• [Data supplied]
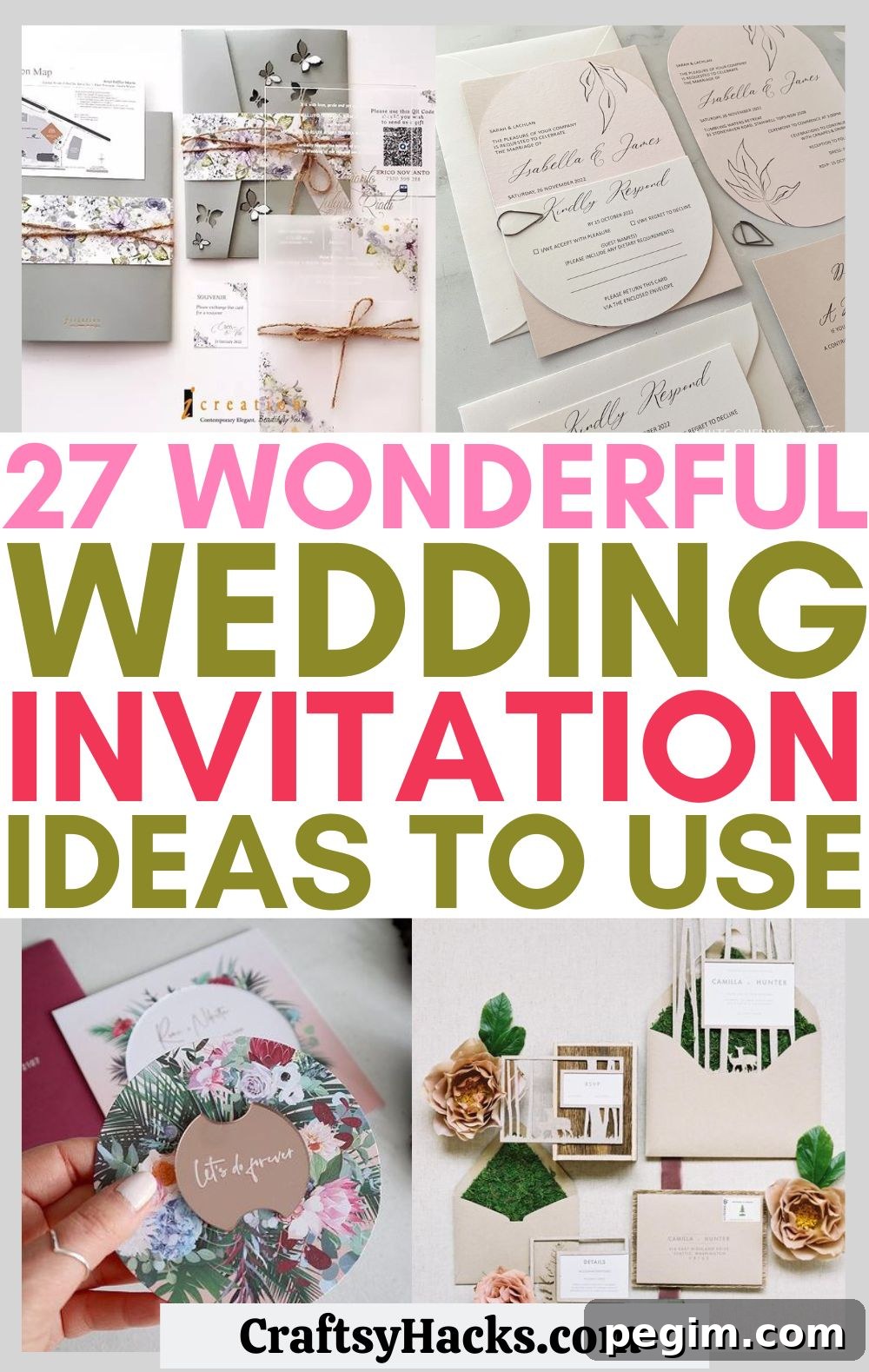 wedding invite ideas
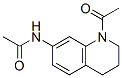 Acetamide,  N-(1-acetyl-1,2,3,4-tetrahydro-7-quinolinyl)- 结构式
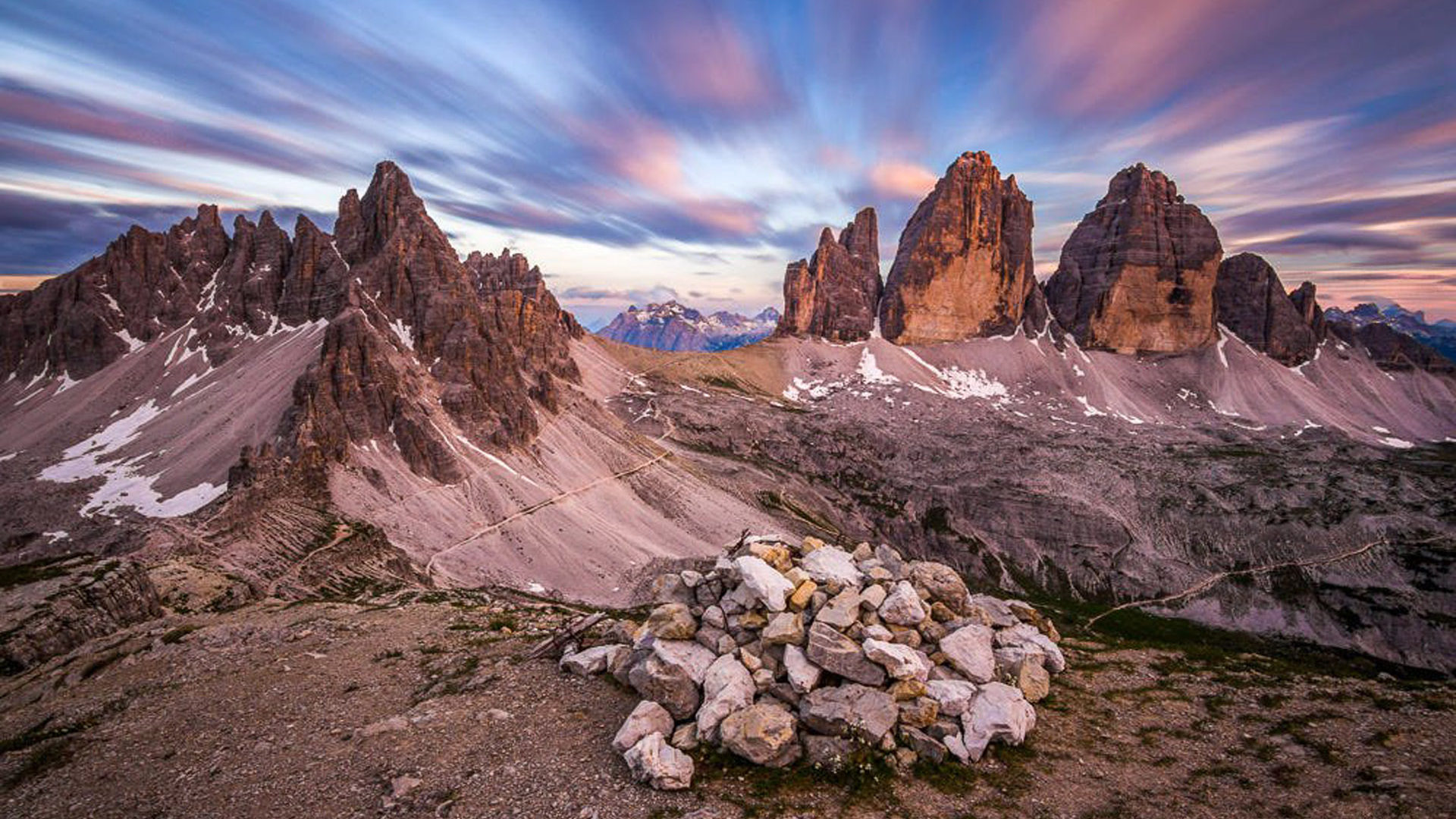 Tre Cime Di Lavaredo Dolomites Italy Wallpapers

==

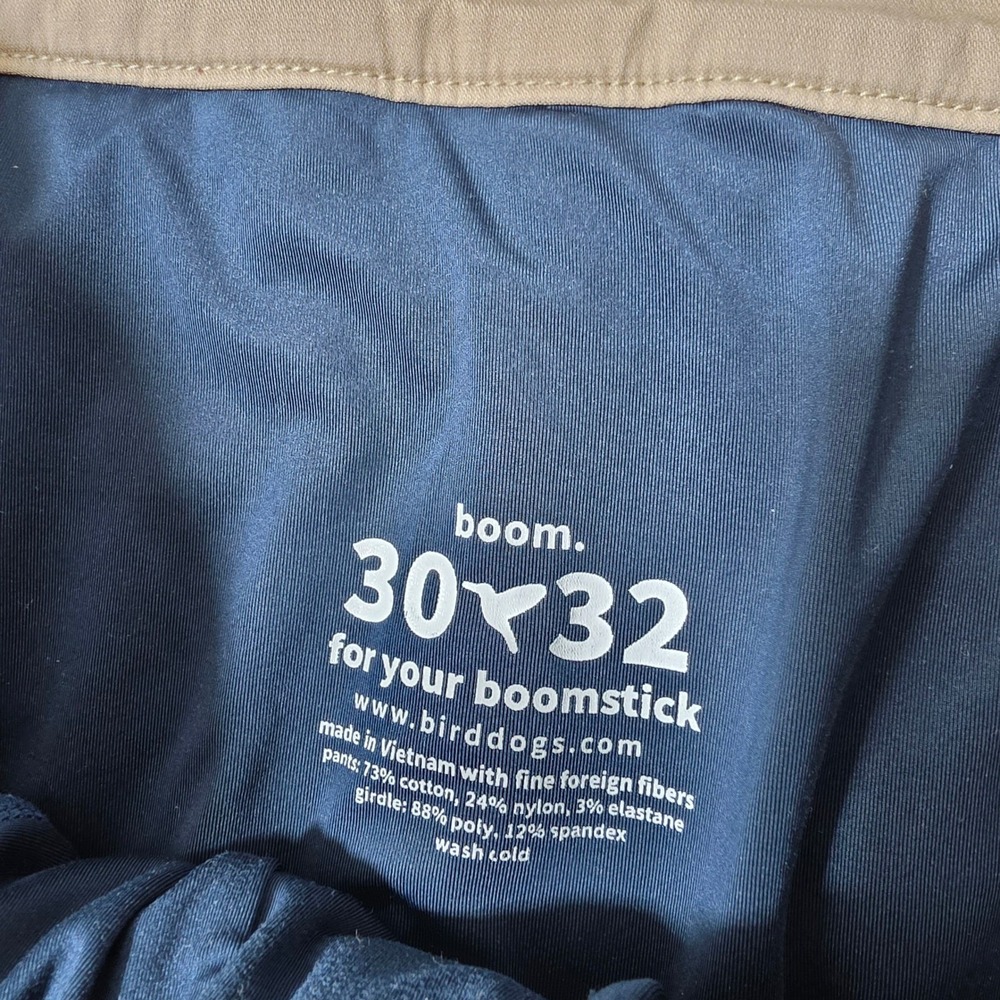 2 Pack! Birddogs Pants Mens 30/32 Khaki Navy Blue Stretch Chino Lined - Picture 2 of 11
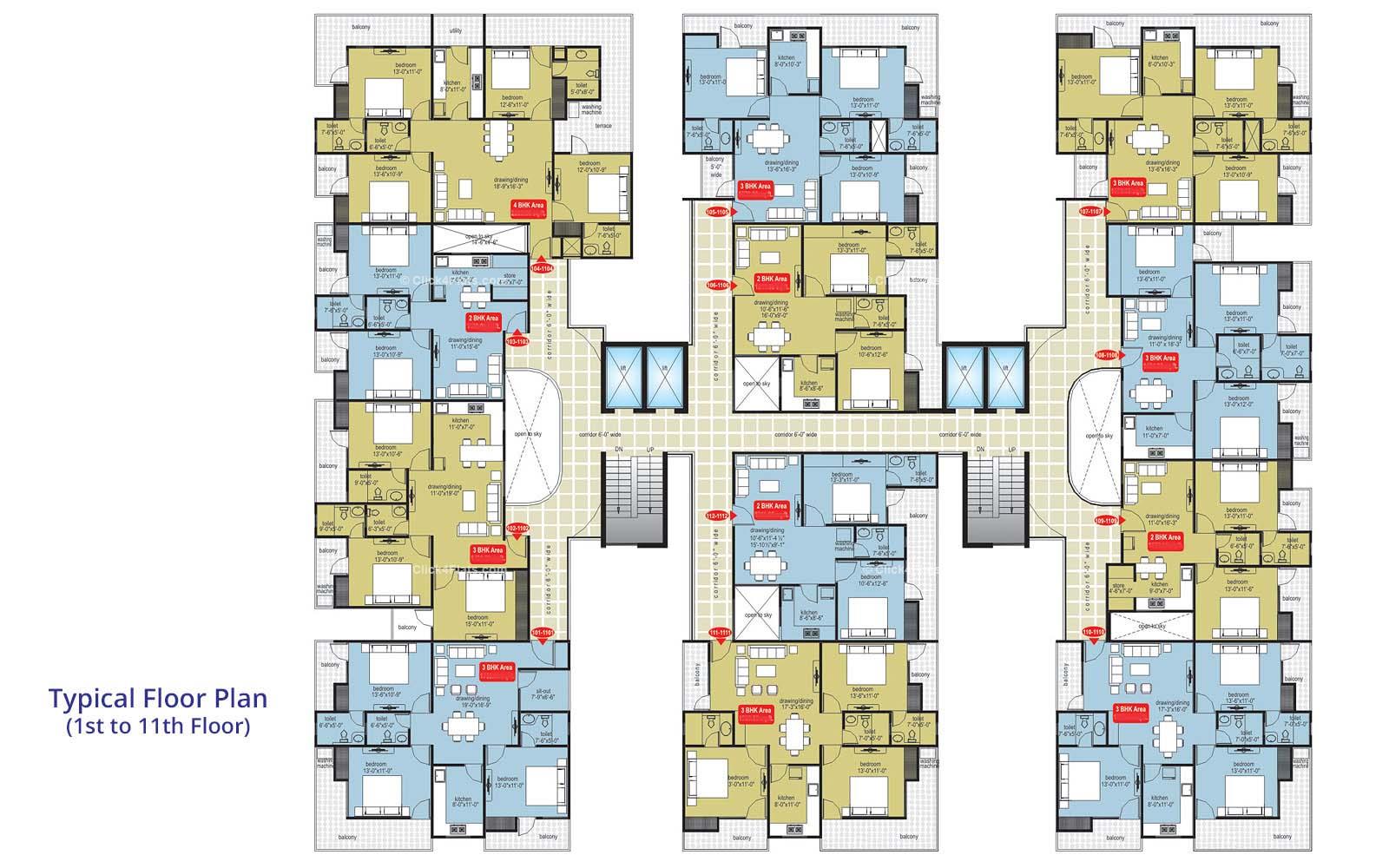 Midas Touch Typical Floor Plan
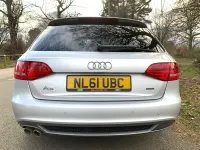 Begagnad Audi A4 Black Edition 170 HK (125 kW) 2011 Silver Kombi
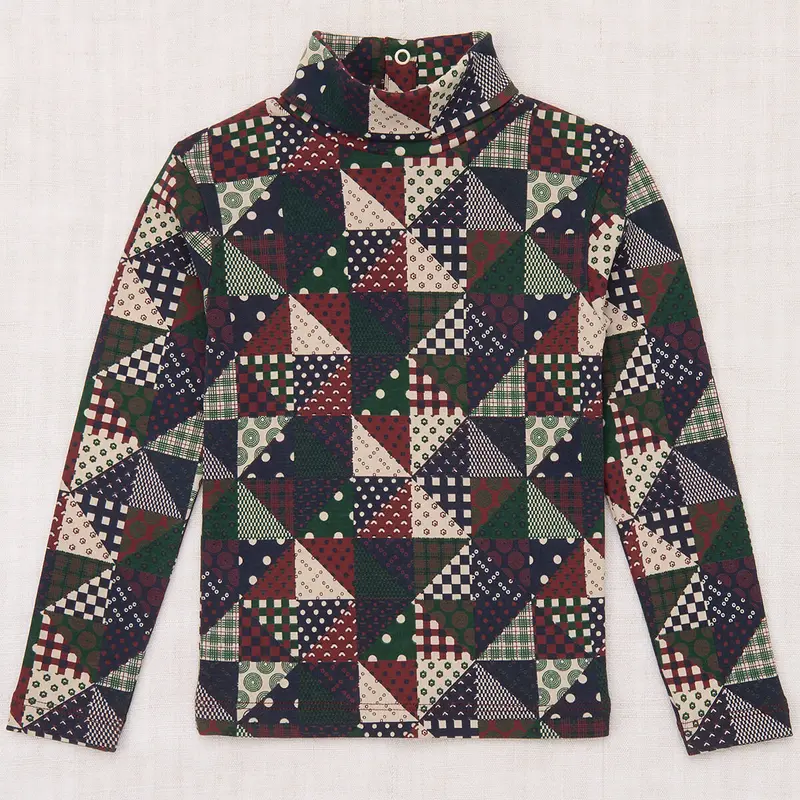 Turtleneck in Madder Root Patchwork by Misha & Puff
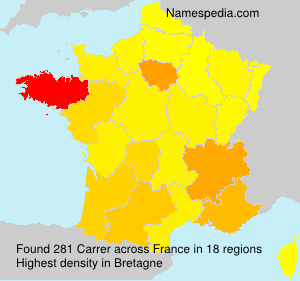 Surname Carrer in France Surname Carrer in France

• [What needs to be done] Give again, exactly as written above, every line from the one holding "wedding invite ideas" to the one holding "Tre Cime Di", with both ends kept and the pictures left out.

• [Result]
 wedding invite ideas
 Acetamide,  N-(1-acetyl-1,2,3,4-tetrahydro-7-quinolinyl)- 结构式
 Tre Cime Di Lavaredo Dolomites Italy Wallpapers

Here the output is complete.